:: TASK DESCRIPTION ::
Return every line of the data below exactly, but do not include the images.

:: RECORDED DATA ::
★ ★ ★ ★

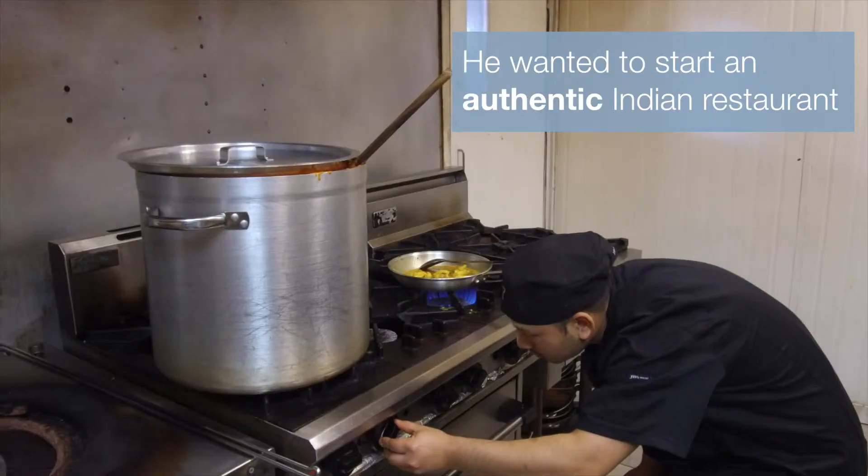Hi, I'm Guri Gurinder Singh and I have been actually looking for a while to start a really good Indian food.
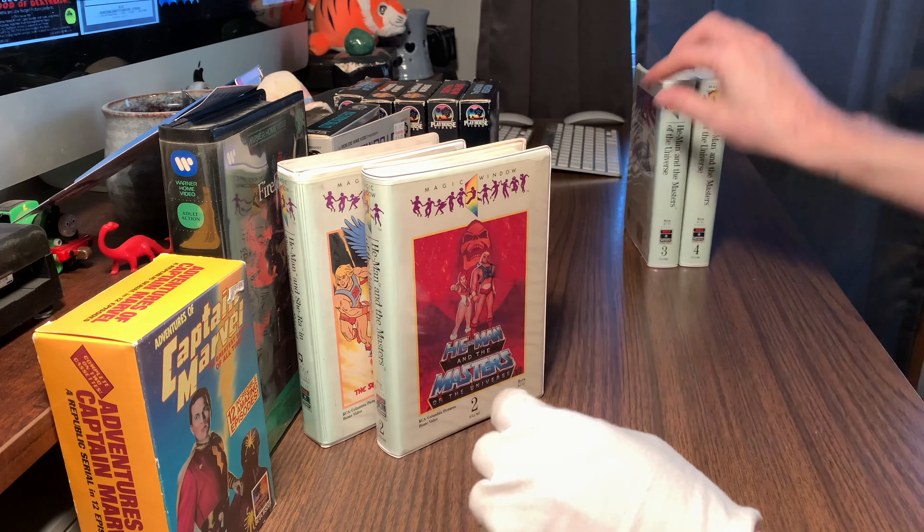Anyway, that's the beta haul. This is maybe two different trips but these are all the betas I collected in the past two weeks or so. Hope you guys enjoyed that — I thought this was kind of neat. Captain Marvel, since they made a movie of this a couple years ago. All right guys, that's it.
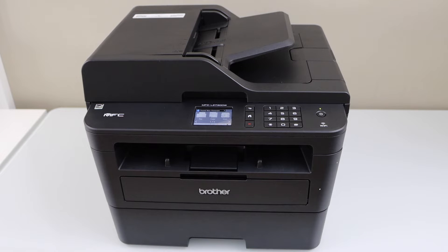In this video, I am going to show you how to do the Wi-Fi setup of your Brother MFC L2730DW laser printer.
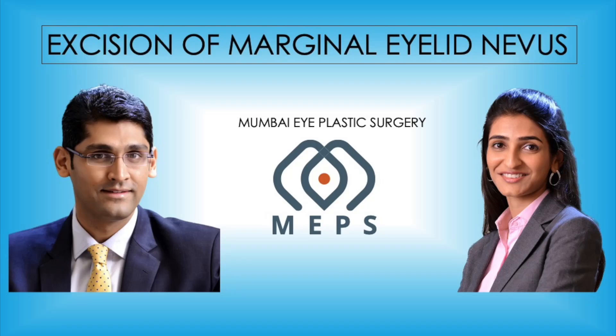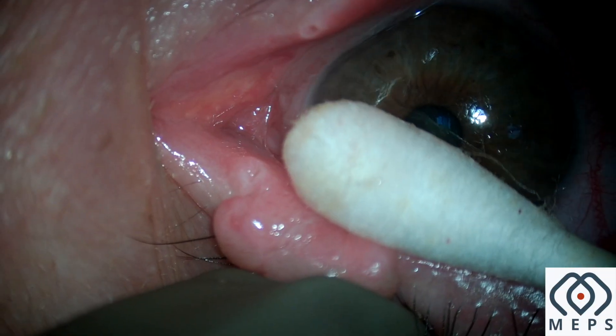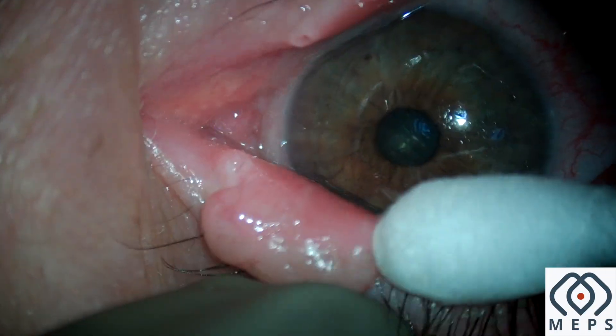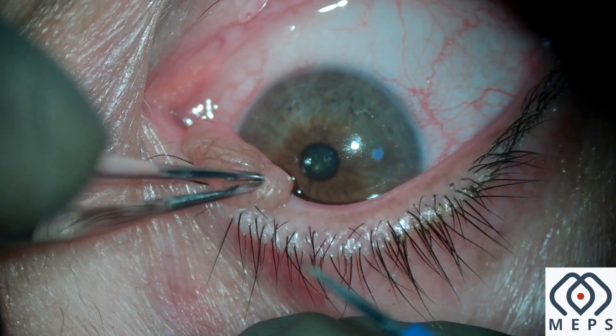Excision of a marginal eyelid nevus in 4K. Before surgery, we infiltrate the surrounding eyelid at the base of the lesion with 1 cc of local anesthesia.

★ ★ ★ ★

:: TASK OUTPUT ::
Hi, I'm Guri Gurinder Singh and I have been actually looking for a while to start a really good Indian food.
Anyway, that's the beta haul. This is maybe two different trips but these are all the betas I collected in the past two weeks or so. Hope you guys enjoyed that — I thought this was kind of neat. Captain Marvel, since they made a movie of this a couple years ago. All right guys, that's it.
In this video, I am going to show you how to do the Wi-Fi setup of your Brother MFC L2730DW laser printer.
Excision of a marginal eyelid nevus in 4K. Before surgery, we infiltrate the surrounding eyelid at the base of the lesion with 1 cc of local anesthesia.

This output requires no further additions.